It's actually quite a well-done, realistic and sophisticated product.
Have you heard anything about whether it is helping to drive recruitment at all? Or is the Pentagon just shooting blanks?
Posted by: Scott
at August 18, 2005 5:51 AM
(Clive! Your MEDAL OF HONOR URL is wrong in your post - it's at http://www.slate.com/id/2096112)
A comment on the popularity of games like MEDAL OF HONOR in Japan: My understanding (from a Western gamer friend living in Tokyo) is that it relates to (direct or cultural, I don't know, I assume the latter) proscription against the creation of militaristic games by Japanese. He also said that this was why mech games (war games which feature not armies but giant robots) were popular there.
I think there's something almost poignant in the creation of Islamic agit-prop videogames; I suspect that much of the emotion driving modern jihad is a sense of anguish over the cultural divide between many of the poorer countries were fervent Islam has become the rule and the West. Since that's very clearly reflected in a technological gap, perhaps the creation of audience-specific videogames like these three is an attempt to assert onesself as a peer in that space. That the games are 8-bit level makes it sadder.

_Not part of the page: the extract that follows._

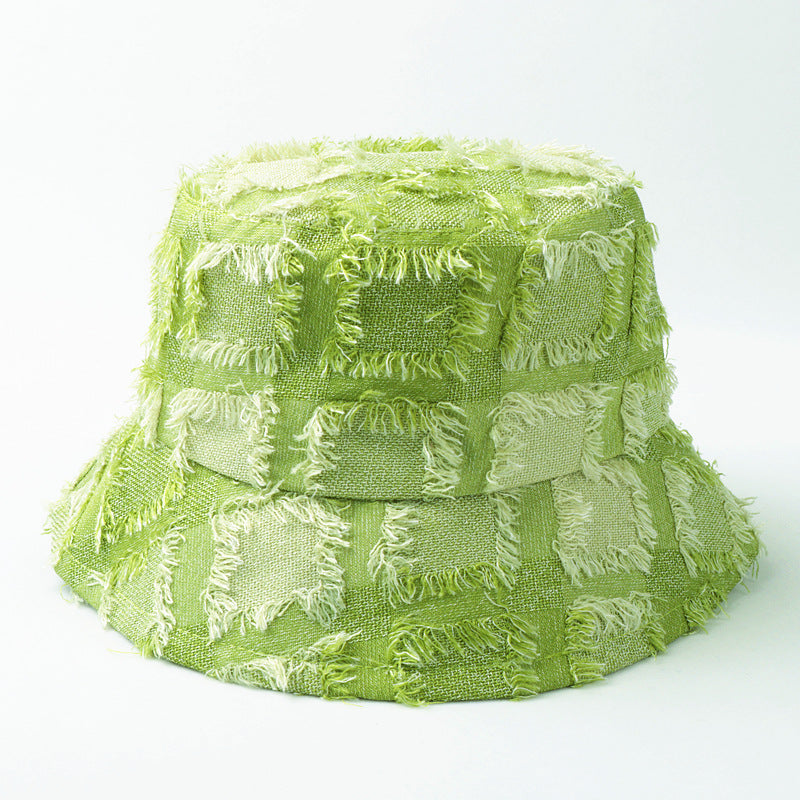 Rugged Plaid Fisherman Hat For Women's New Fashion Casual Sun Protection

And, at the same time, less alarming. If there were a narratively complex Islamic videogame (and PRINCE OF PERSIA doesn't count!), say something of the level of RESIDENT EVIL 4 or METAL GEAR SOLID 3, that espoused extremist views, your piece would, of course, have been radically different. Not only would the game be more effective in a recruitment-y sense, but also a manifestation of that sort of technological prowess would shake certain soothing assumptions about how The Illiterate Enemy Just Lies Around in Sand Bunkers Frothing About Infidels and such.
Posted by: jaze
at August 18, 2005 9:36 AM
Scott -- I've talked to the guys who've made America's Army, and they think it's one of the more effective recruitment tools they have. That's because it's insanely cheap -- the $4 million or whatever it cost to develop would barely buy one single 60-second recruitment ad during the Superbowl -- yet has been played by millions of young men; more importantly, it conveys a sense of coolness and technological/youth-cultural with-it-ness that is actually amazingly important to possess if you want to have any chance of making a pitch to tha kidz these days. But I don't think even the guys who made the game believe that America's Army stirs any particular nationalist fire on behalf of America guys who play it.
Jaze, you're quite right that a game with a serious narrative -- like Metal Gear Solid 4 -- would be a much better indoctrination tool. I was purely discussing "action" games, though I did so intentionally, because they are the ones that non-game-playing pundits tend to focus on, because they have the most blizzardlike torrents of gore and violence. This is the irony of video-game critics: They're so obsessed with violence being the problem that they pay too much attention to the genre of games -- i.e. action, first-person-shooter games -- that arguably have the slightest ideological payload.
In contrast, something like The Sims or an old Civil War Strategy game has far, far more interesting ideological content and persuasiveness. Indeed, to the extent that the US government ought to be worried about radical extremist video games, what really would be dangerous is a game that perfectly simulated, say, the dynamics of the New York subway and street-traffic systems, including realistic physics and emotional modelling for all passengers, drivers, vehicles, and police and firefighter behavior. Then they could sit around running simulations of where to place bombs that would cause the maximum level of urban dread and economic damage. Make the game so much fun that you want to play it for weeks, plunk an impressionable young would-be suicide bomber in front of that for a couple of weeks, and they could experiment with hundreds of different scenarios until they find the one that best pleased them -- then execute it in real life.
Sim games -- not action games, and not even really Metal-Gear-style narrative games -- have always had the greatest educational payload.
Posted by: Clive
at August 18, 2005 12:08 PM
And in the movies, the emotional modelling would be so good that one of the characters would be kind to the bomber and effect a war-averting change of heart. Probably it would be the character based on the lost sweetheart or parent of one of the lonely programmers, who got no funding for Resurrection AI, just for this destruction thing.